As one of the biggest names in the guitar world, Gibson understands the importance of balancing traditional character with modern innovation. Now, more than ever, they’re walking that line in admirable fashion.
Gibson has revamped their collection this year to be more organized, streamlined, and informative, so customers can easily understand and choose one of their many great guitars.
The overhauled Gibson product collection is broken down into a few definitive series—Modern, Original, and Designer. The name of each series is characteristic of the models it encompasses.
While you’ll certainly recognize the heart of all these definitive models, many have new features for this new era of Gibson.
As the flagship Gibson model, the Les Paul has a wide array of designs, showcasing a large variety of features. Building on its established legacy, Gibson has tweaked it over time to assure there’s a Les Paul for everyone.

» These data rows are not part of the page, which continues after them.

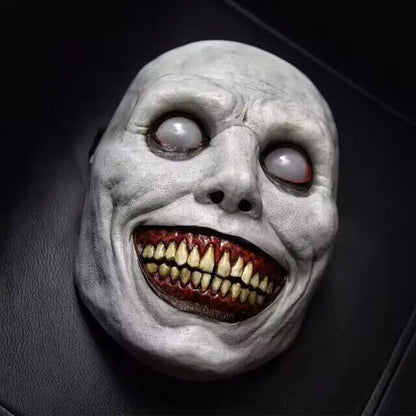 Scary Halloween Mask with White Eyes Evil Devil Mask Smiling Demons Creepy Mask Halloween Party Costume Cosplay Adult Photo Prop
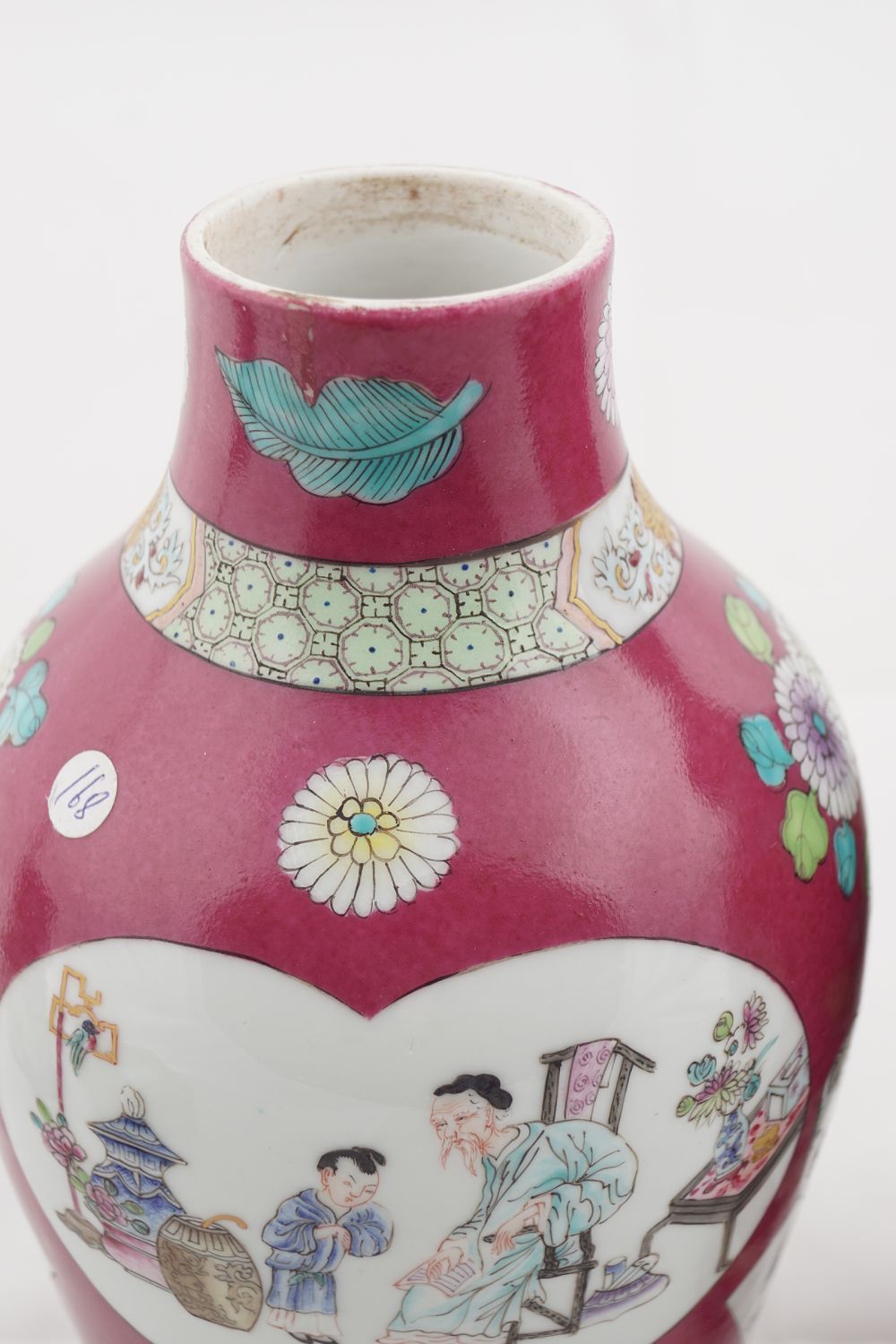 PAIR OF CHINESE QING FAMILLE ROSE VASES - Image 2 of 4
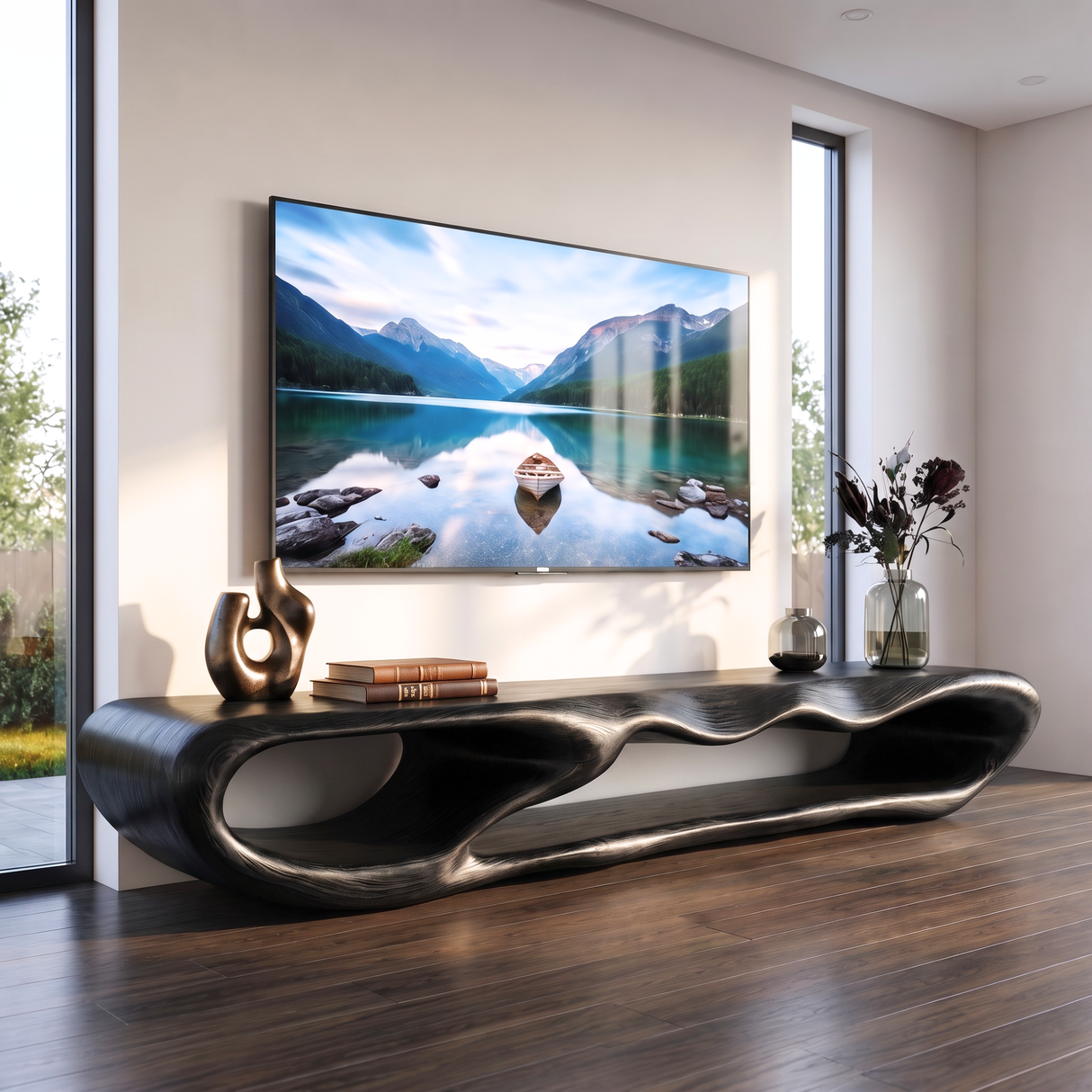 TV Console Solid Wood with Sculptural Double Loop Base for Living Room Decor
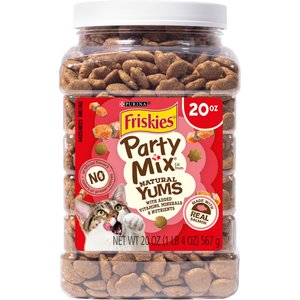 Friskies Party Mix Natural Yums Complete & Balanced Salmon Crunchy Natural Cat Treats, 20-oz tub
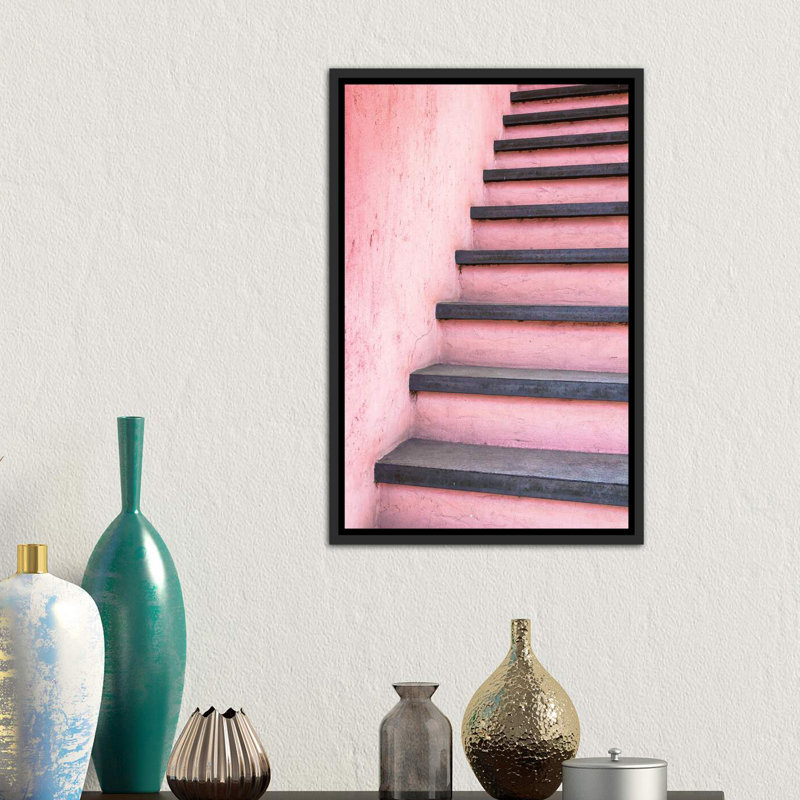 « escalier to céleste »-impression, Toile avec cadre noir, H 26 po x l 18 po x 1,5 po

The Modern series holds the newest versions of established Gibson Les Paul guitars. Each has some form of weight-relief body, adding present-day playability. This series includes the well-known Les Paul models listed below, plus the brand new for 2019 Gibson Les Paul Modern.
- Les Paul Modern
- Les Paul Classic
- Les Paul Studio
- Les Paul Tribute
- Les Paul Special Tribute DC
- Les Paul Junior Tribute DC
The aptly named Les Paul Modern embraces contemporary design with an ultra-modern weight relief body, asymmetrical slim taper neck profile, and push/pull control knobs for additional sonic features.
The Les Paul Classic has a ’60s style build, with ’61 Burstbucker zebra open-coil pickups, shaped by 4 push/pull pots.
The Les Paul Studio is an enhanced version of the Classic, displaying bold finishes, a slim taper neck, and 490/498 humbuckers with coil-tapping.
The Les Paul Tribute has the vibe and tonality of the traditional Les Paul, sporting a rounded maple neck, vintage deluxe tuners, and 490 humbucker pickups.
If you want a slightly different vibe, the Modern series includes the Les Paul Special Tribute DC and Les Paul Junior Tribute DC (double cutaway models). They both have a satin finish, with the Special packing dual P-90’s, and the Junior a single P-90 at the bridge.
The Original series Les Paul’s are remakes of old-school guitars from the ’50s and ’60s. They have classic simplicity and plenty of nostalgic value, without too many bells and whistles. The vintage enthusiast will love these.
- Les Paul Standard ’50s
- Les Paul Standard ’50s P90
- Les Paul Standard ’60s
- Les Paul Special
- Les Paul Junior
The Les Paul Standard ’50s models have a mahogany body with maple top, vintage ’50s neck profiles, and either Burstbuckers or P-90 pickups.
The Les Paul Standard ’60s has an AA figured maple top, slim taper neck, and Burstbucker 61s, and comes in a number of beautiful, vintage-glossy finishes, which showcase that gorgeous top wood.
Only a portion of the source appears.